“Jane Goodall, one of the world’s most revered conservationists, who earned scientific stature and global celebrity by chronicling the distinctive behavior of wild chimpanzees in East Africa — primates that made and used tools, ate meat, held rain dances and engaged in organized warfare — died on Wednesday in Los Angeles. She was 91.”
@nytimes @janegoodallinst
Re-sharing below a post made last year, after taking my family to see a
@natgeo screening of the beautiful film ‘JANE,’ directed by Brett Morgen:
“we often go to the zoo but poppy has never seen chimps in the wild. as she watched fascinated, i whispered that we will go to gombe someday, to visit the place i’ve been fortunate to see several times.

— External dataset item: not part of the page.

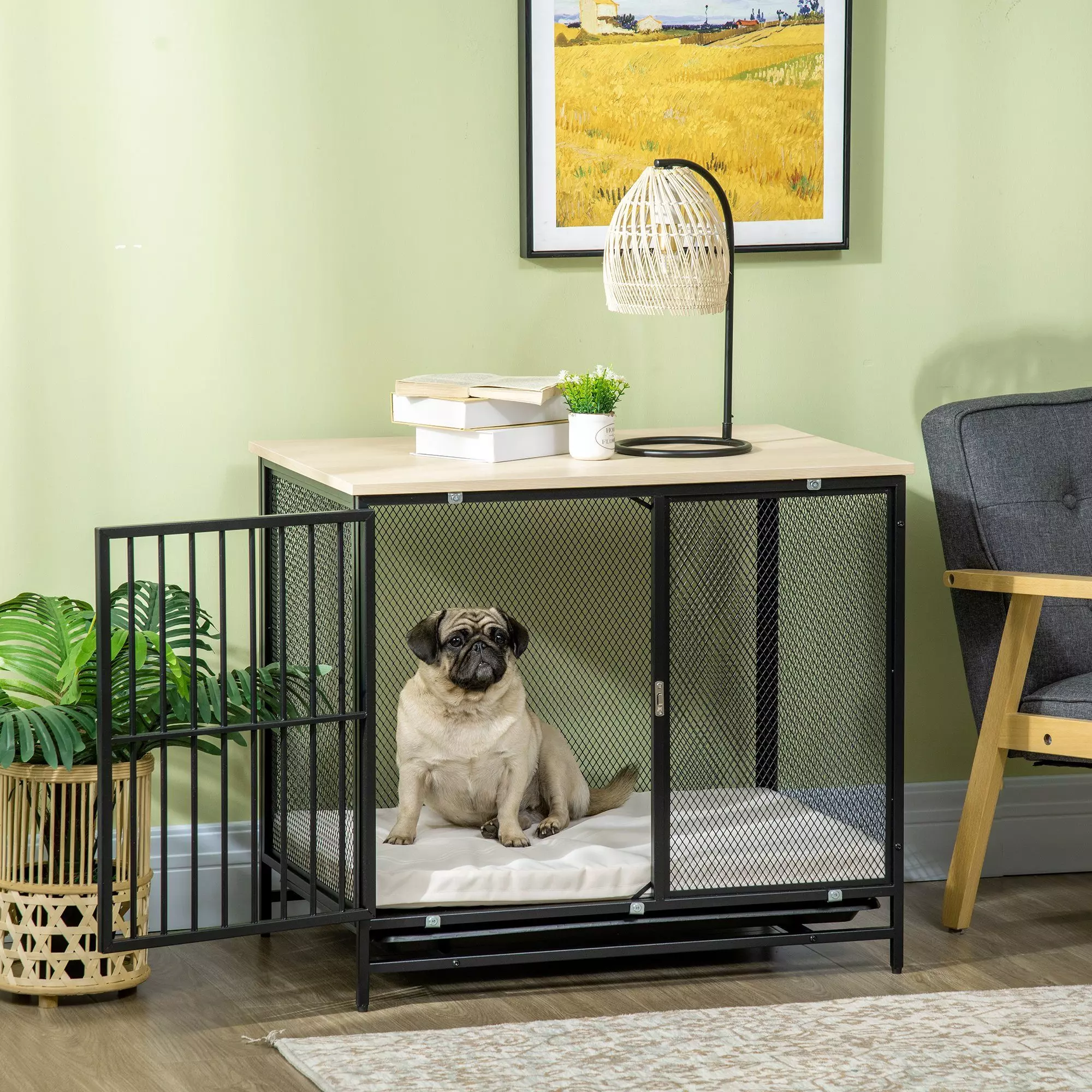 PawHut Hundehütte Hundekäfig, BxTxH: 80x55x71 cm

ofc, my favorite visit to gombe was with jane! overall i saw just how connected she was to gombe, a relatively tiny piece of protected park along the western edge of tanzania. one day at sunset, as we sat sipping a little whisky on the sandy shore of lake tanganyika, we saw monkeys jumping on a shaky tree limb and she said that birds would arrive any moment, which they did. she explained that when the monkeys jumped, bugs bounced off the limbs and birds saw this and came to eat the bugs mid flight.
partially hidden in the trees near the shore was jane’s home, which as most human structures in gombe looked like a kind of caged zoo enclosure. i looked through her collection of natural history books, scattered on the wood shelving between chimpanzee skulls and other artifacts of gombe life.
jane visited gombe once a year, and liked to go see the chimps on her own. one day i passed by and she had apparently gone to do just that. but just as i was leaving i saw, climbing along the outside of the wire walls, a family of chimps, clearly also looking for her. at the end of the week, as we departed gombe by boat, this same family, the matriarch of which she had known for decades, came to the shore to watch her leave.